Symposium

NORA AL-BADRI, JENNA SUTELA, DAMIEN ROACH

Published

Opening of the installations: 
16 Nov 18:00-21:00
Opening hours: 
17 Nov 16:00–22:00
18 Nov 12:00–22:00
19 Nov 12:00–16:00
Venue: Østre, Østre Skostredet 3

NORA AL-BADRI: BABYLONIAN VISION

With Babylonian Vision Nora Al-Badri expands on speculative archeology, as well as decolonial and machine learning museum practices by generating emancipatory technoheritage. A pre-trained neural network based on a GAN model (General Adversarial Network), technoheritage was trained with 10.000k images from five different museums containing the largest collections of Mesopotamian, Neo-Sumerian and Assyrian artefacts. Even though each museum was asked beforehand, images were in the majority collected through web crawling and scraping, without the institution’s approval, and just two through their open API (digital access). 

The input images from these databases carry marks of time and memory – patina, broken pieces, most of them in a mid to low resolution format. Subsequently, new synthetic images evolve as a living memory made up of the collected images. The generated image is at the same time the artefact itself. Yet, materiality is very important, since the input images are images of material objects from our past. If machine learning is seen as a technology performing and processing our collective memory, it makes sense to apply it to our big cultural data of the past and to generate new images as traces and circulating image worlds. Applying ML to cultural big data, supplies other, more speculative and abstract insights in the search for a visual language, form and patterns within a specific spatial context: the Babylonian era. 

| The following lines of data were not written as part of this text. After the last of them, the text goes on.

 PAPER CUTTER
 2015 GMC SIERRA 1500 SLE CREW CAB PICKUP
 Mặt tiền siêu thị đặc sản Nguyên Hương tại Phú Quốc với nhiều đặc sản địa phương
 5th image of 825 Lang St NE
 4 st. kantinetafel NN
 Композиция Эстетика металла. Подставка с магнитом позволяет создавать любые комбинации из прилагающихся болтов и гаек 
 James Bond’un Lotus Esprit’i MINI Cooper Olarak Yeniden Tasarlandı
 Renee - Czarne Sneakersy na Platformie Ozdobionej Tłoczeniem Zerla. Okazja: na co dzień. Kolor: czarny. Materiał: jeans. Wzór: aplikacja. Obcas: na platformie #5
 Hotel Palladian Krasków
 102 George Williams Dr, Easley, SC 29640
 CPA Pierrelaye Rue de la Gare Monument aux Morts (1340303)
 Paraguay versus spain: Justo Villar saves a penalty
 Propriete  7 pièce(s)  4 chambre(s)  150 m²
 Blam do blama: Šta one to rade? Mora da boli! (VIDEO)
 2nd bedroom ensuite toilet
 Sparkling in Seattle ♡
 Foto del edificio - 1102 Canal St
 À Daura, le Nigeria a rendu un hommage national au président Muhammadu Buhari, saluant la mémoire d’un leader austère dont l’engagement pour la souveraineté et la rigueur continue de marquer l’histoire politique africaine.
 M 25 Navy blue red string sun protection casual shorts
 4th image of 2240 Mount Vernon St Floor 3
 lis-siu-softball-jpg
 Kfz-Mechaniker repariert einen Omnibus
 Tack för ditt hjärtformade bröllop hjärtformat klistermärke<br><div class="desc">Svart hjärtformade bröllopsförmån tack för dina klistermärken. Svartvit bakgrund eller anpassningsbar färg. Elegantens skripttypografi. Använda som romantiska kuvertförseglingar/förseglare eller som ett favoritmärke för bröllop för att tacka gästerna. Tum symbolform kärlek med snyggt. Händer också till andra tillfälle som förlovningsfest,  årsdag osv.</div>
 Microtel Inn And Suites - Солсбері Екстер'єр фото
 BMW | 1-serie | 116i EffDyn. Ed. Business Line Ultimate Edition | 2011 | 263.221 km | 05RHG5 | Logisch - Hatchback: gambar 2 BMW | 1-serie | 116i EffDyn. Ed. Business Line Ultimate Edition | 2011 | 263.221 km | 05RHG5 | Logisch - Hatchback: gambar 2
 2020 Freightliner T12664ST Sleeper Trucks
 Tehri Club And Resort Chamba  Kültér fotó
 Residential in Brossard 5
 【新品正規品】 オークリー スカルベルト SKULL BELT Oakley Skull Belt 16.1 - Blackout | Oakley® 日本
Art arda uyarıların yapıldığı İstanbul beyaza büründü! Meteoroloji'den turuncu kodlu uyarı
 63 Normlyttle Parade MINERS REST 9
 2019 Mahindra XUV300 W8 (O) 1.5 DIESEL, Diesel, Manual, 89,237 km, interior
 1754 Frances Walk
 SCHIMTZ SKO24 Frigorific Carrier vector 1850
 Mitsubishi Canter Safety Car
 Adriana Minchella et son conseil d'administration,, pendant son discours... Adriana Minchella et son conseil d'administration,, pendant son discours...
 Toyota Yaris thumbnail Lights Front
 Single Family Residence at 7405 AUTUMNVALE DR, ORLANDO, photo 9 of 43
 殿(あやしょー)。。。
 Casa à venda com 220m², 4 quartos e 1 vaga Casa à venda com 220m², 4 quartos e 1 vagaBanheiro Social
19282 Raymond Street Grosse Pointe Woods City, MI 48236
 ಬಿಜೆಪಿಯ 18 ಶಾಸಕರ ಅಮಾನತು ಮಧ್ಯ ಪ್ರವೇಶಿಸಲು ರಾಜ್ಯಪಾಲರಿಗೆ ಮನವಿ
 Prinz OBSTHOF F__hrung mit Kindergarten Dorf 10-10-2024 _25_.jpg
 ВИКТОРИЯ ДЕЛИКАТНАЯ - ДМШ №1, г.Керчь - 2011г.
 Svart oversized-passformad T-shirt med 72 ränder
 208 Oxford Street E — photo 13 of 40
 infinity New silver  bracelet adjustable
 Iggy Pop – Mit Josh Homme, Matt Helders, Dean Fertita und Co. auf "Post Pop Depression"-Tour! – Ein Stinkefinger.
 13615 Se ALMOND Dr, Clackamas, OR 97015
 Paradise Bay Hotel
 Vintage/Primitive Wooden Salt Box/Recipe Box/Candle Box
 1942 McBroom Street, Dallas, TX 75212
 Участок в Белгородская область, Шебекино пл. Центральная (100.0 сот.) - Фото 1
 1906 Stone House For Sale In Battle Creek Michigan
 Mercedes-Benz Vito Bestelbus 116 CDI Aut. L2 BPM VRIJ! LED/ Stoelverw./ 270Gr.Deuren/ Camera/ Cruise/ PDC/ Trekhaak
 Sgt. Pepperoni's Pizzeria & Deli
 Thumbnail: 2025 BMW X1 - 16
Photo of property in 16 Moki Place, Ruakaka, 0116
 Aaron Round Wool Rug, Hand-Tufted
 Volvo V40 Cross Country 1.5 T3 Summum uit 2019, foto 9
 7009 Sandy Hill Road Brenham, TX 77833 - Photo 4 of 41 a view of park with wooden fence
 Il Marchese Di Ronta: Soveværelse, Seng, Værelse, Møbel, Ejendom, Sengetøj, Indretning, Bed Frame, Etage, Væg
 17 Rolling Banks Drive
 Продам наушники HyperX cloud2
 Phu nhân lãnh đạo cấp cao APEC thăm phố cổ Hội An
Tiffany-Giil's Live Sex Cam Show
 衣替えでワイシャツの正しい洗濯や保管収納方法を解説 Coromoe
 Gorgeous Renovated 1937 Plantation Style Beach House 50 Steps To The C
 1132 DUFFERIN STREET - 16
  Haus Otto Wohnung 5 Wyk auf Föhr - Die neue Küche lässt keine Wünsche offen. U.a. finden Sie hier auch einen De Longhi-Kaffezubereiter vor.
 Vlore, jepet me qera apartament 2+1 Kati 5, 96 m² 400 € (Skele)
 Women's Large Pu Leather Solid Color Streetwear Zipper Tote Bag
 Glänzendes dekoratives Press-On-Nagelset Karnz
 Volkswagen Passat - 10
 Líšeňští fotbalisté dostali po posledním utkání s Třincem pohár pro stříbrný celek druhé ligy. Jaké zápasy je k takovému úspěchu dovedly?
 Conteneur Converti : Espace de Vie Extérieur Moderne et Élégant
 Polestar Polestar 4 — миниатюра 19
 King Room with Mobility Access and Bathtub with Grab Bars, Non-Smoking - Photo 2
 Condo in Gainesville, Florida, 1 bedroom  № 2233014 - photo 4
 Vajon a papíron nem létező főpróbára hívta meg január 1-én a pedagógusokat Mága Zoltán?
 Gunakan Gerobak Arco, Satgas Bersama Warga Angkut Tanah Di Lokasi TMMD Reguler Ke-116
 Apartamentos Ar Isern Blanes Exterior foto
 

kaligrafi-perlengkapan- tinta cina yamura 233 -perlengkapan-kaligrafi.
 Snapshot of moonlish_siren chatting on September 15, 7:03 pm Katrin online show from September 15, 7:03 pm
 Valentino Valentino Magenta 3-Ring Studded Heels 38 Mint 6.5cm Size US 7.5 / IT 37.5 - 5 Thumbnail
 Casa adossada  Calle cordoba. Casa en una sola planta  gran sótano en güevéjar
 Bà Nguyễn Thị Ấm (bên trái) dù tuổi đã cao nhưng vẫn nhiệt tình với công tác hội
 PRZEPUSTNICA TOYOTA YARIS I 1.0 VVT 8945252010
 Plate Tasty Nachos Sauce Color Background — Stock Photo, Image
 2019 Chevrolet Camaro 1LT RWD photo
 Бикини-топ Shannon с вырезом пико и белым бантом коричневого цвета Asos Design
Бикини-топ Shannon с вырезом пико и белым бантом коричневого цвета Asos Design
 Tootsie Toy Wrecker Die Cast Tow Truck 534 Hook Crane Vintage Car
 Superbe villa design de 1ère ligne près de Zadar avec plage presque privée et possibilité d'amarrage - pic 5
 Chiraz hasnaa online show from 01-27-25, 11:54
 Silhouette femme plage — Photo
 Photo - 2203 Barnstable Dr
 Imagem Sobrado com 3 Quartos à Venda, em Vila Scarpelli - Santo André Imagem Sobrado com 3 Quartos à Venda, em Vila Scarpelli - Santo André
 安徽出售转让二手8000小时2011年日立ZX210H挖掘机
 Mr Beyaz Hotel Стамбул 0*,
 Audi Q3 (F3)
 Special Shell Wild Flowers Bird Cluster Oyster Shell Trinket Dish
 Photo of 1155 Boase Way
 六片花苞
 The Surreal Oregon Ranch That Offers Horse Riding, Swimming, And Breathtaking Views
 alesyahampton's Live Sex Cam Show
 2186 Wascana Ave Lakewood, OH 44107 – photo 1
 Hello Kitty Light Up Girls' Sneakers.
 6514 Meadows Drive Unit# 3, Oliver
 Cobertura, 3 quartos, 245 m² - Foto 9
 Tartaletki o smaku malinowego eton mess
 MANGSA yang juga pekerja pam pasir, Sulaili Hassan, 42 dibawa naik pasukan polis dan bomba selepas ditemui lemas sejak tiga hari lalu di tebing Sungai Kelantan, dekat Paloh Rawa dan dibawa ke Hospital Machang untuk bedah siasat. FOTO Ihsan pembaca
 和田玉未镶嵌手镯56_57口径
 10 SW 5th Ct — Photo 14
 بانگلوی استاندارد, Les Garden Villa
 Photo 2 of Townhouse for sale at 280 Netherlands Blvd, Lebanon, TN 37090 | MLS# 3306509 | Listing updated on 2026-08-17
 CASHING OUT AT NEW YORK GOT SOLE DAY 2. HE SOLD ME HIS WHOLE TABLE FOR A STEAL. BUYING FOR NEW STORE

The series consists of over 150 GAN videos and over 200 images. 

With texts written by: Prof. Wendy M. K. Shaw, Dr. Fazil Moradi, Dr. Saud Al-Zaid, Daphne Dragona, Dr. Anita Hosseini

JENNA SUTELA: POND-DIAL

The installation Pond-Dial is a wormhole between Sutela’s installation Pond Brain, currently on display in Copenhagen, and Østre in Bergen. It presents a live stream of sounds from a head shaped instrument-cum-fountain, a bowl of water made out of bronze that can be played, or activated by touch, as well as an artificial neural network trained on underwater and interplanetary sounds. The network tunes into sonic frequencies from the bowl and plays back an array of otherworldly resonances. Pond-Dial invites you to listen in on the constantly transforming soundscape of the pond.

DAMIEN ROACH: POEM 2

“Poem 2” is a newly commissioned installation by Damien Roach centred around a 100 line poem written by the artist in 2021 in collaboration with an AI trained on the work of Emily Dickinson. The poem has been brought to life through a computer animated recital performed by a custom-modelled androgynous CGI character, situated in an unlocatable place, with only the sky in view. A camera slowly pans around the scene, resting for short moments before continuing its almost forensic analysis of the figure, resisting the security of a fixed and static viewpoint. The CGI figure’s voice is that of the artist’s own, digitally processed to ambiguate their perceived gender. Similarly, its facial movements have been mapped on Roach’s, transferred to the animation utilising motion capture technology. The atmospheric ambient soundtrack has been produced using text-to-audio AI systems with further editing, DSP, and post production completed in modern DAW software.

About the artists

NORA AL-BADRI 

Nora Al-Badri is a multi-disciplinary and conceptual media artist with a German-Iraqi background. Her works are research-based as well as paradisciplinary and as much post-colonial as post-digital. Al-Badri lives and works in Berlin, and graduated in political sciences at Johann Wolfgang Goethe University in Frankfurt/Main. She is now the director for AI+Art at the ETH AI Center in Zurich. Her practice focuses on the politics and the emancipatory potential of new technologies such as machine intelligence or data sculpting, non-human agency and transcendence. Al-Badri’s artistic material is a speculative archaeology – from fossils to artefacts or performative interventions in museums and other public spaces – to respond to the inherent power structures. 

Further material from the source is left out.